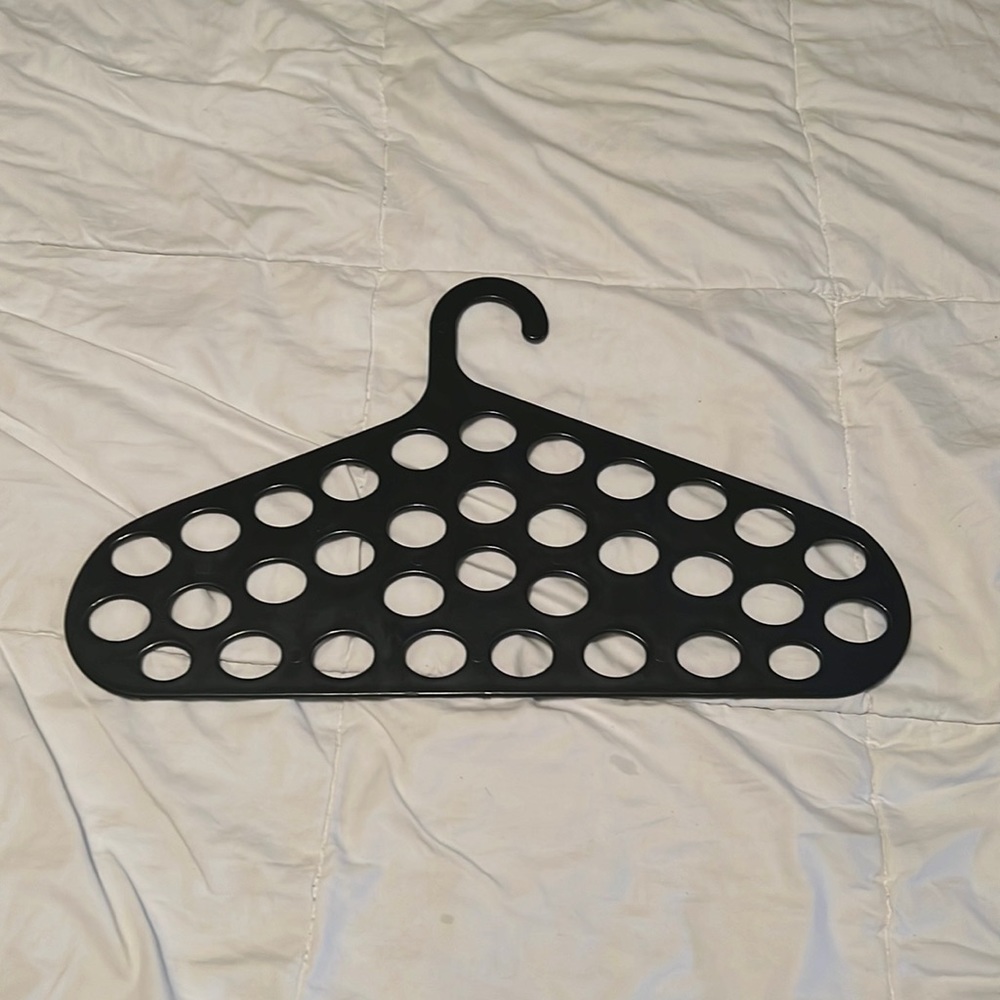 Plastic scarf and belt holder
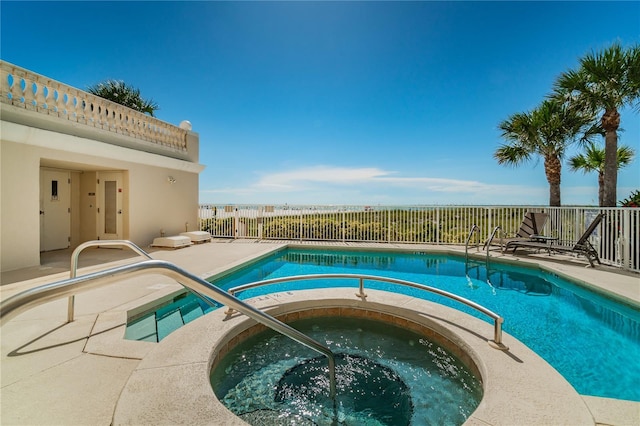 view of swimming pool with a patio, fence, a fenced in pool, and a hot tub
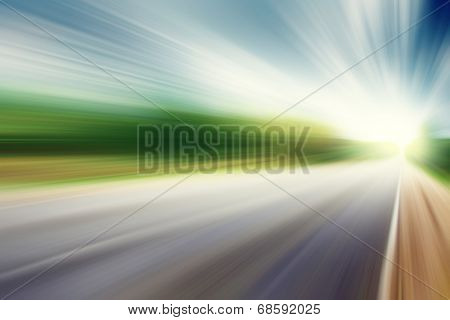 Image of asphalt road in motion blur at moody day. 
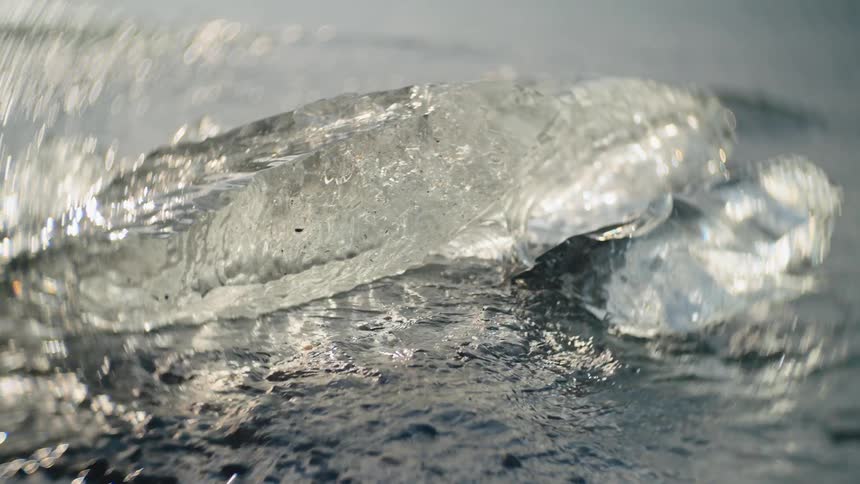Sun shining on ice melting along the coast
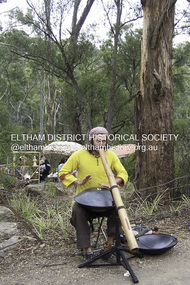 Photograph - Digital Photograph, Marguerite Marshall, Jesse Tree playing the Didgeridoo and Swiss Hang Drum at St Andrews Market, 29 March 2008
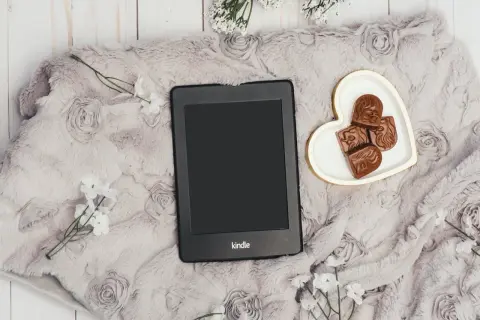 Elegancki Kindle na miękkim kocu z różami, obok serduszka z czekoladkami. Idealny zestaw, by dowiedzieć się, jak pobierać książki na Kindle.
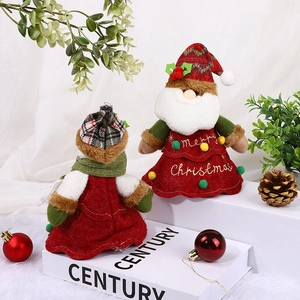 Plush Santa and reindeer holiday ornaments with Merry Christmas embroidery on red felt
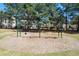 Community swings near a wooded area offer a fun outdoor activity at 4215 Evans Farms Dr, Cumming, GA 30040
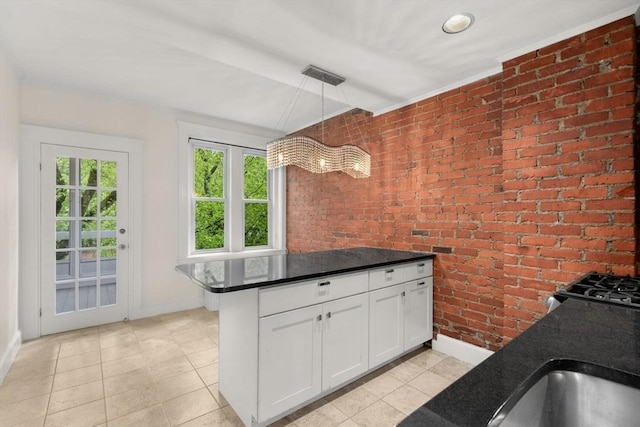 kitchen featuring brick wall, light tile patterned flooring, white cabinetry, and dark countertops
=-=-=
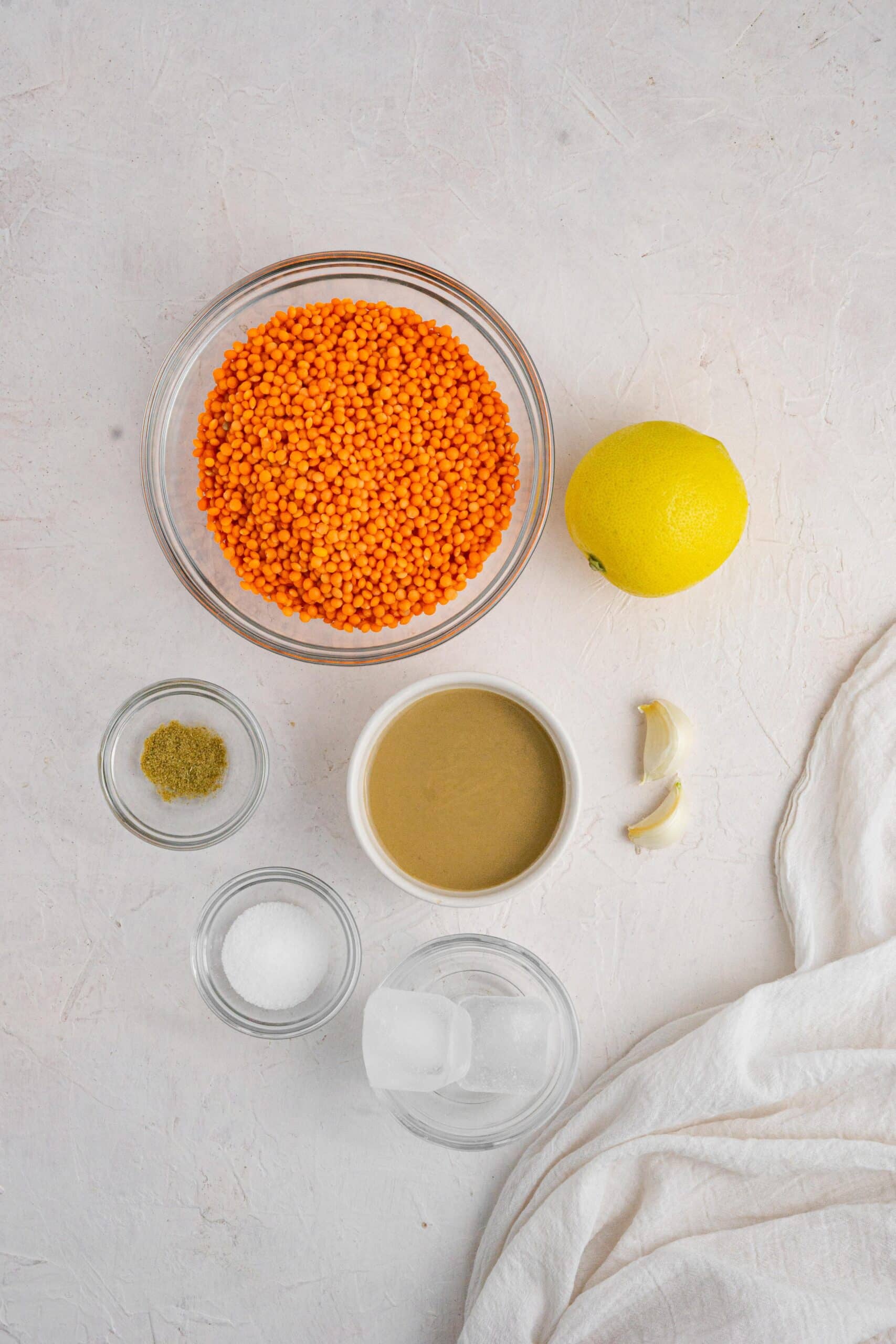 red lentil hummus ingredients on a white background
=-=-=
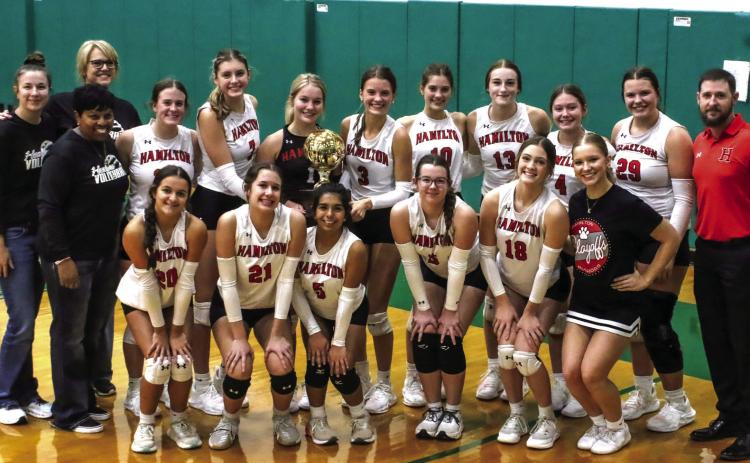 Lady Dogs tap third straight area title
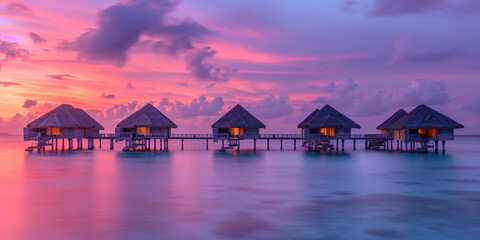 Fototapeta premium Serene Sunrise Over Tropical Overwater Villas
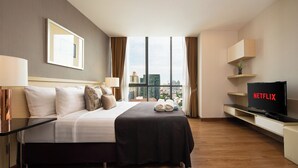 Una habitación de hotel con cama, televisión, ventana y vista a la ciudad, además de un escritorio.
=-=-=
### Task statement
Print exactly the lines above that run from the one with "Plastic scarf and belt holder" down to the one with "kitchen featuring brick", and omit the pictures.

### Problem solution
 Plastic scarf and belt holder
 view of swimming pool with a patio, fence, a fenced in pool, and a hot tub
 Image of asphalt road in motion blur at moody day. 
Sun shining on ice melting along the coast
 Photograph - Digital Photograph, Marguerite Marshall, Jesse Tree playing the Didgeridoo and Swiss Hang Drum at St Andrews Market, 29 March 2008
 Elegancki Kindle na miękkim kocu z różami, obok serduszka z czekoladkami. Idealny zestaw, by dowiedzieć się, jak pobierać książki na Kindle.
 Plush Santa and reindeer holiday ornaments with Merry Christmas embroidery on red felt
 Community swings near a wooded area offer a fun outdoor activity at 4215 Evans Farms Dr, Cumming, GA 30040
 kitchen featuring brick wall, light tile patterned flooring, white cabinetry, and dark countertops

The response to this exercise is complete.